The parameters should be clearer after the model definition.

```
model {
alpha ~ std_normal();
beta ~ normal(0, sigma_beta);
gamma ~ lognormal(0, sigma_gamma);
mu_beta ~ cauchy(0, 5);
sigma_beta ~ cauchy(0, 5);
sigma_gamma ~ cauchy(0, 5);
y ~ bernoulli_logit(gamma[kk] .* (alpha[jj] - (beta[kk] + mu_beta)));
}
```

The `std_normal`

function is used here, defined by \[
\texttt{std}\mathtt{\_}\texttt{normal}(y)
=
\textsf{normal}\left(y \mid 0, 1\right).
\]

The sampling statement is also vectorized using elementwise multiplication; it is equivalent to

```
for (n in 1:N)
y[n] ~ bernoulli_logit(gamma[kk[n]]
* (alpha[jj[n]] - (beta[kk[n]] + mu_beta));
```

The 2PL model is similar to the 1PL model, with the additional parameter `gamma[k]`

modeling how discriminative question `k`

is. If `gamma[k]`

is greater than 1, responses are more attenuated with less chance of getting a question right at random. The parameter `gamma[k]`

is constrained to be positive, which prohibits there being questions that are easier for students of lesser ability; such questions are not unheard of, but they tend to be eliminated from most testing situations where an IRT model would be applied.
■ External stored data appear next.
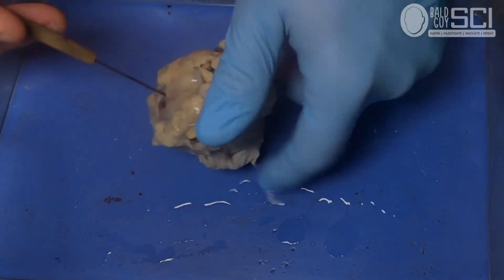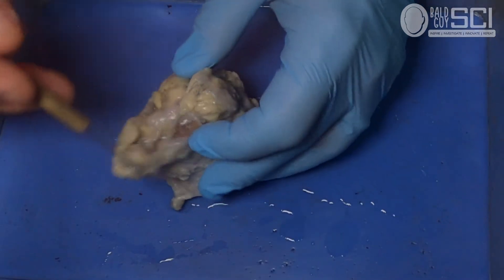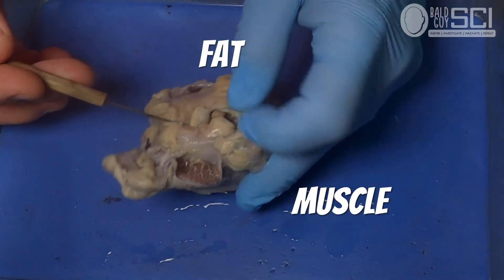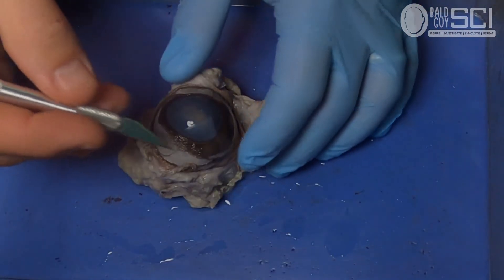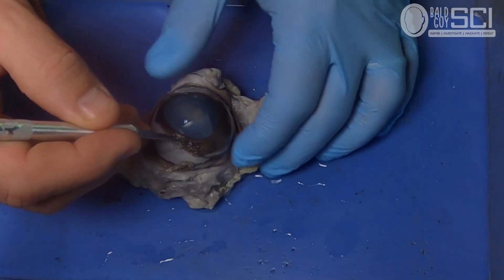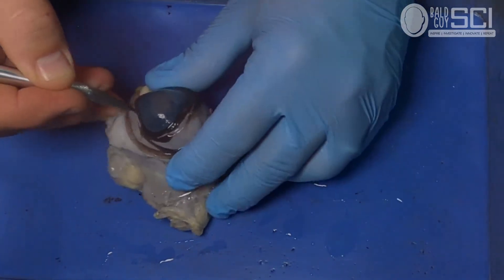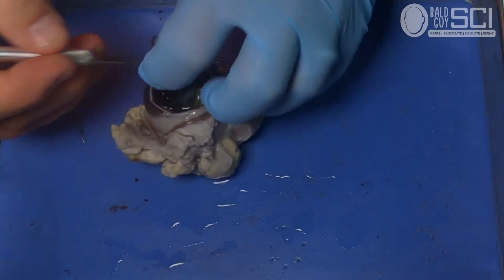Then as you flip the eye over, you should be able to find muscle, fat, and then the optic nerve, which you may or may not have to dig for. Now making the first incision, you're going to take a scalpel or razor blade and you're going to cut where the cornea and the sclera meet, and you're just going to remove it.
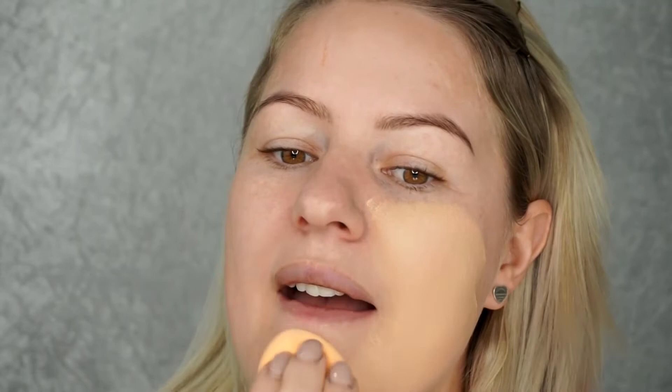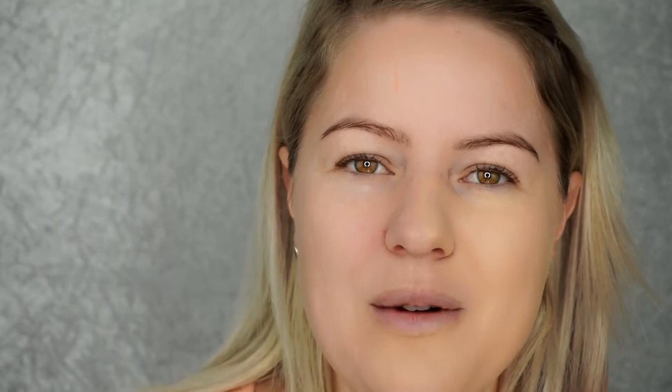A beauty sponge actually needs to be used damp. A lot of clients say they have a beauty sponge but it's hard and doesn't work like mine. First, it needs to be damp - not just run under the tap, but get it under there, squeeze and wait for it to expand, squeeze the water out all the way through to the core, wring it out as tight as you can, and then go over it with a hair towel one more time to squeeze out excess water. You can see as I'm pushing, the sponge molds to the shape of my face and gets that foundation in.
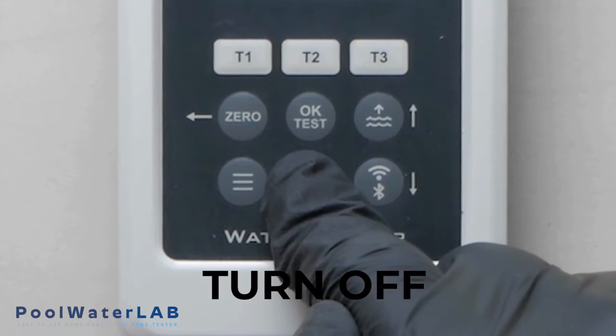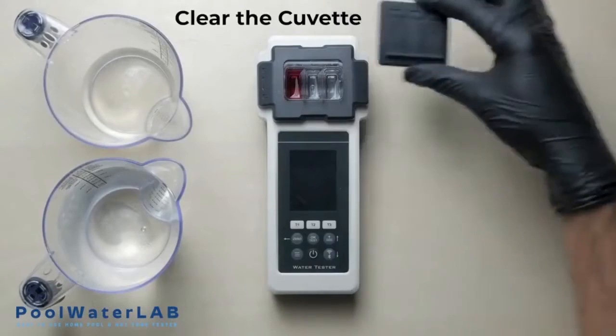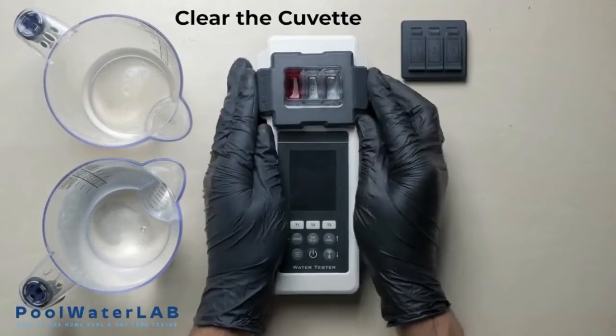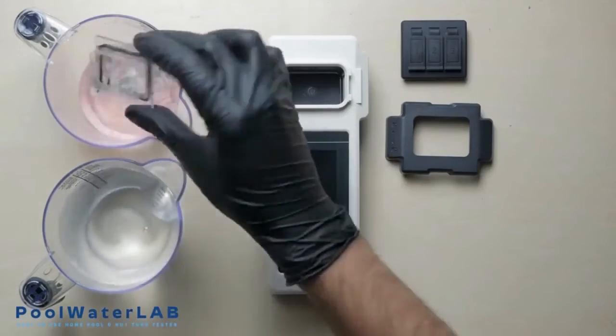To turn off the device, press and hold the off button. Run another test if necessary. After completing the test, obligatory rinse the cuvette with clean water.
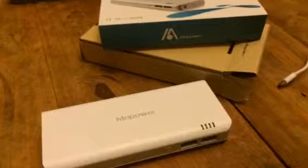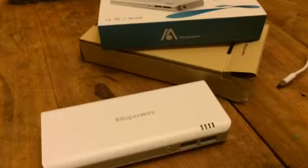I like to just throw this in my backpack or my laptop bag and take it with me. It's just a nice little device to have on hand if you need it. You can check out the full review and more information in the comments of this video.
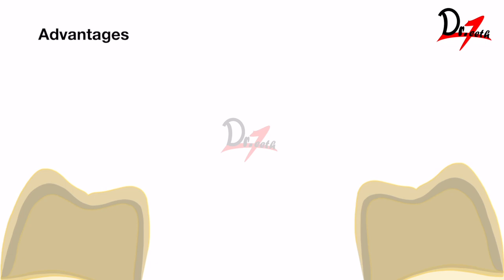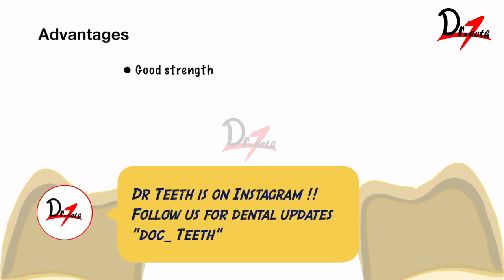Starting with the advantages — it has good strength, though lesser than all-metal because the porcelain layering on top is brittle and prone to fracture. Still, it has a good amount of strength. As you can see in this picture, we have our tooth, then a metal coping on top, and a porcelain layer — that is why we call it a porcelain fused to metal crown.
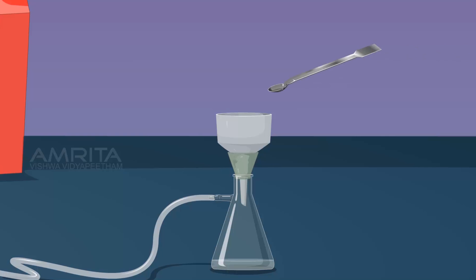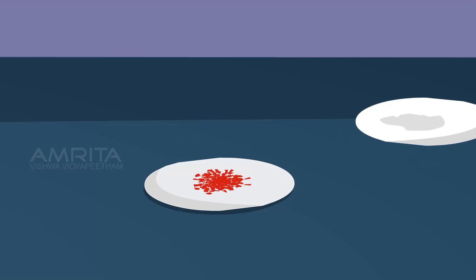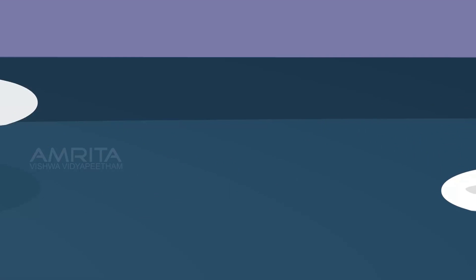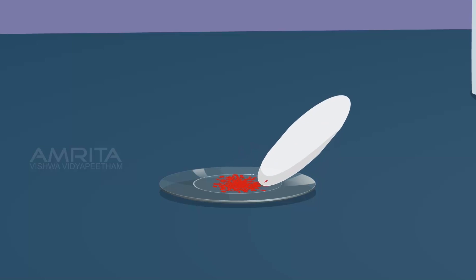Using a spatula, transfer the crystals into a filter paper. Dry the crystals in the filter paper by pressing it with another filter paper. Transfer the dried crystals into a watch glass and label it as 2-naphthol aniline dye.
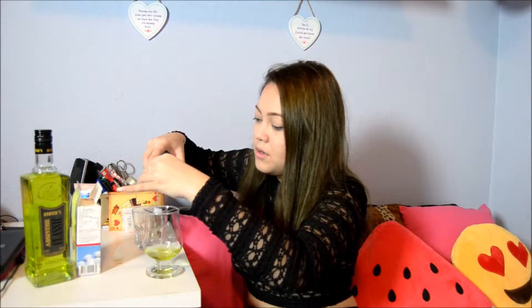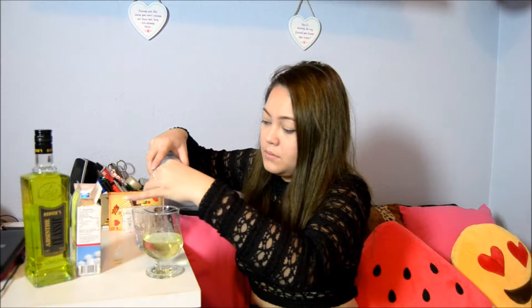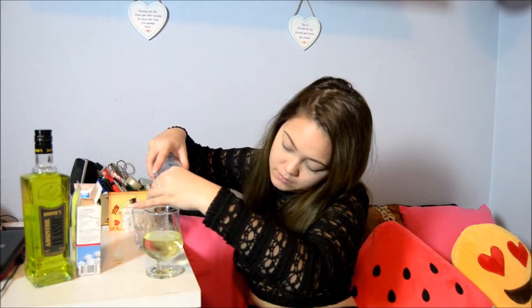Hi guys, welcome back to my channel! Today I'm going to be doing a taste testing. I'm going to be testing this product — this is absinthe, and it is actually 70% alcohol. The myth about it is that you hallucinate and stuff, but that is definitely not true. It is an alcohol like any other alcohol, it's just very potent.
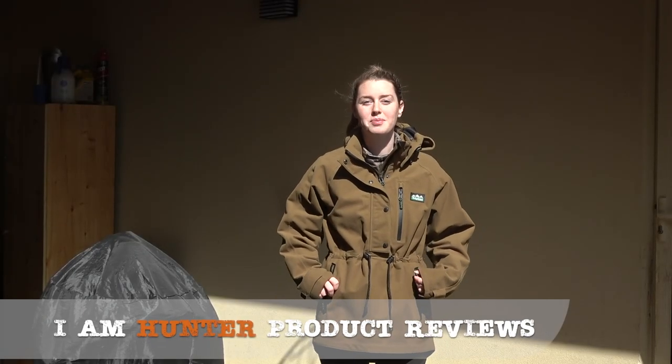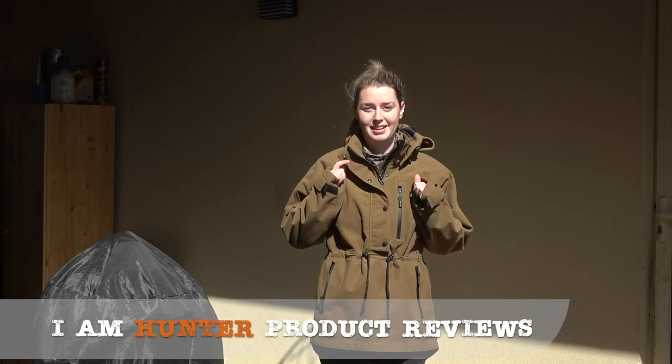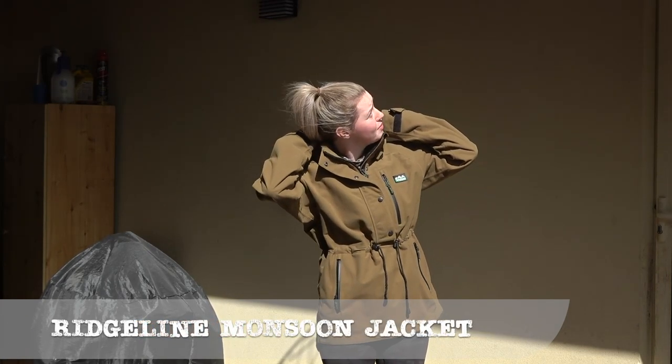We're going to be testing out the waterproof capabilities of these new jackets sent to us by Ridgeline. I'll show you guys how that works. Don't pour it on me yet.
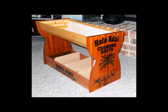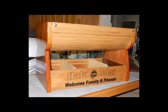Here is the finished product. We are able to customize the designs to the customer's wishes. We also have a small version for the dessert paper plates. These are also customizable.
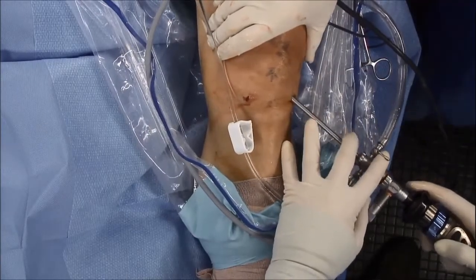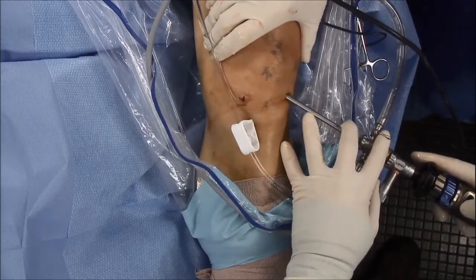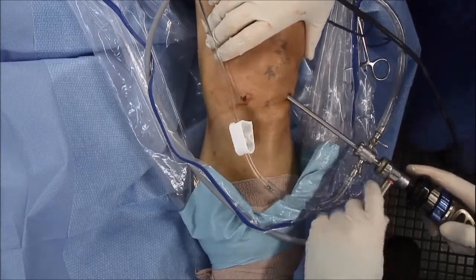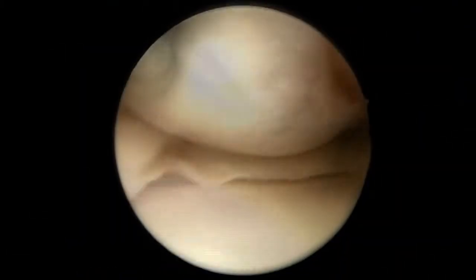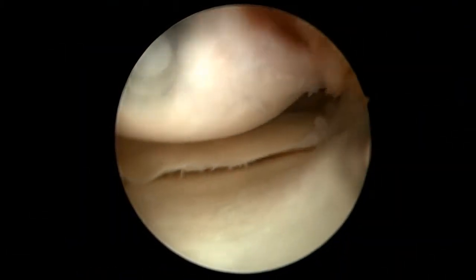The left knee is draped and prepped in the usual sterile fashion, and a standard diagnostic arthroscopy is performed through the inferiorolateral portal. At the time of arthroscopy, the femoral condyle, meniscus, and tibial plateau are evaluated.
The model is parameterized here with student abilities `alpha`

being given a standard normal prior. This is to identify both the scale and the location of the parameters, both of which would be unidentified otherwise; see the problematic posteriors chapter for further discussion of identifiability. The difficulty and discrimination parameters `beta`

and `gamma`

then have varying scales given hierarchically in this model. They could also be given weakly informative non-hierarchical priors, such as

```
beta ~ normal(0, 5);
gamma ~ lognormal(0, 2);
```

The point is that the `alpha`

determines the scale and location and `beta`

and `gamma`

are allowed to float.

The `beta`

parameter is here given a non-centered parameterization, with parameter `mu_beta`

serving as the mean `beta`

location. An alternative would’ve been to take:

`beta ~ normal(mu_beta, sigma_beta);`

and

`y[n] ~ bernoulli_logit(gamma[kk[n]] * (alpha[jj[n]] - beta[kk[n]]));`

Non-centered parameterizations tend to be more efficient in hierarchical models; see the reparameterization section for more information on non-centered reparameterizations.

The intercept term `mu_beta`

can’t itself be modeled hierarchically, so it is given a weakly informative \(\textsf{Cauchy}(0,5)\) prior. Similarly, the scale terms, `sigma_beta`

, and `sigma_gamma`

, are given half-Cauchy priors. As mentioned earlier, the scale and location for `alpha`

are fixed to ensure identifiability. The truncation in the half-Cauchy prior is implicit; explicit truncation is not necessary because the log probability need only be calculated up to a proportion and the scale variables are constrained to \((0,\infty)\) by their declarations.

*References*

Gelman, Andrew, and Jennifer Hill. 2007. *Data Analysis Using Regression and Multilevel-Hierarchical Models*. Cambridge, United Kingdom: Cambridge University Press.

Curtis, S. McKay. 2010. “BUGS Code for Item Response Theory.” *Journal of Statistical Software* 36 (1). American Statistical Association: 1–34.